Use subscript for accessing a dynamic index of an array instead of a udf#
The subscript operator in SQL supports full expressions, unlike Hive (which only supports constants). Therefore you can write queries like:
SELECT my_array[CARDINALITY(my_array)] as last_element
FROM ...
Avoid out of bounds access of arrays#
Accessing out of bounds elements of an array will result in an exception. You can avoid this with an if
as follows:
SELECT IF(CARDINALITY(my_array) >= 3, my_array[3], NULL)
FROM ...
Use ANSI SQL syntax for arrays#
Arrays are indexed starting from 1, not from 0:
SELECT my_array[1] AS first_element
FROM ...
Construct arrays with ANSI syntax:
SELECT ARRAY[1, 2, 3] AS my_array
Use ANSI SQL syntax for identifiers and strings#
Strings are delimited with single quotes and identifiers are quoted with double quotes, not backquotes:
SELECT name AS "User Name"
FROM "7day_active"
WHERE name = 'foo'
Quote identifiers that start with numbers#
Identifiers that start with numbers are not legal in ANSI SQL and must be quoted using double quotes:
SELECT *
FROM "7day_active"
Use the standard string concatenation operator#
Use the ANSI SQL string concatenation operator:
SELECT a || b || c
FROM ...
Use standard types for CAST targets#
The following standard types are supported for CAST
targets:
SELECT
CAST(x AS varchar)
, CAST(x AS bigint)
, CAST(x AS double)
, CAST(x AS boolean)
FROM ...
In particular, use VARCHAR
instead of STRING
.
Use CAST when dividing integers#
Presto follows the standard behavior of performing integer division when dividing two integers. For example, dividing 7
by 2
will result in 3
, not 3.5
.
To perform floating point division on two integers, cast one of them to a double:
SELECT CAST(5 AS DOUBLE) / 2
Use WITH for complex expressions or queries#
When you want to re-use a complex output expression as a filter, use either an inline subquery or factor it out using the WITH
clause:
WITH a AS (
SELECT substr(name, 1, 3) x
FROM ...
)
SELECT *
FROM a
WHERE x = 'foo'
Use UNNEST to expand arrays and maps#
Presto supports UNNEST for expanding arrays and maps.
Use UNNEST
instead of LATERAL VIEW explode()
.
Hive query:
SELECT student, score
FROM tests
LATERAL VIEW explode(scores) t AS score;
Presto query:
SELECT student, score
FROM tests
CROSS JOIN UNNEST(scores) AS t (score);
Caution with datediff#
The Hive datediff
function returns the difference between the two dates in
days and is declared as:
datediff(string enddate, string startdate) -> integer
The equivalent Presto function date_diff uses a reverse order for the two date parameters and requires a unit.
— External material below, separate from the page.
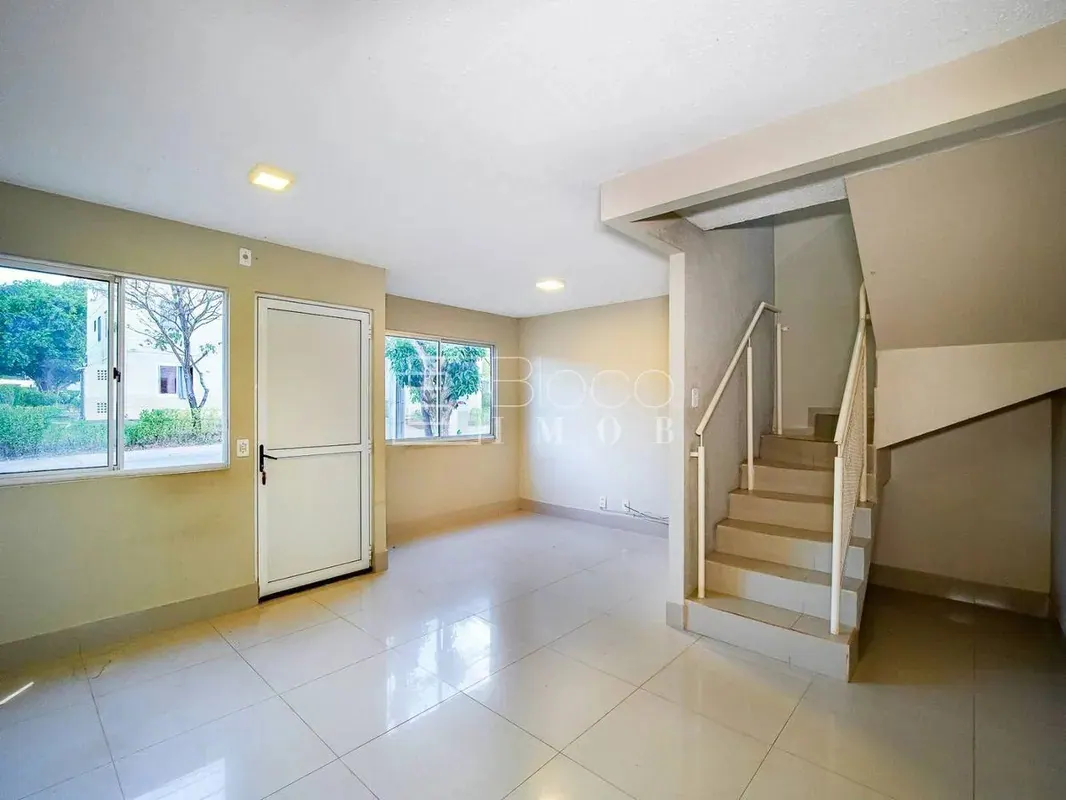 Casa em condomínio com 3 quartos — foto 1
This has to be taken into account when migrating:
Hive query:
datediff(enddate, startdate)
Presto query:
date_diff('day', startdate, enddate)
Overwriting data on insert#
By default, INSERT
queries are not allowed to overwrite existing data. You
can use the catalog session property insert_existing_partitions_behavior
to
allow overwrites. Prepend the name of the catalog using the Hive connector, for
example hdfs
, and set the property in the session before you run the insert
query:
SET SESSION hdfs.insert_existing_partitions_behavior = 'OVERWRITE';
INSERT INTO hdfs.schema.table ...
The resulting behavior is equivalent to using INSERT OVERWRITE in Hive.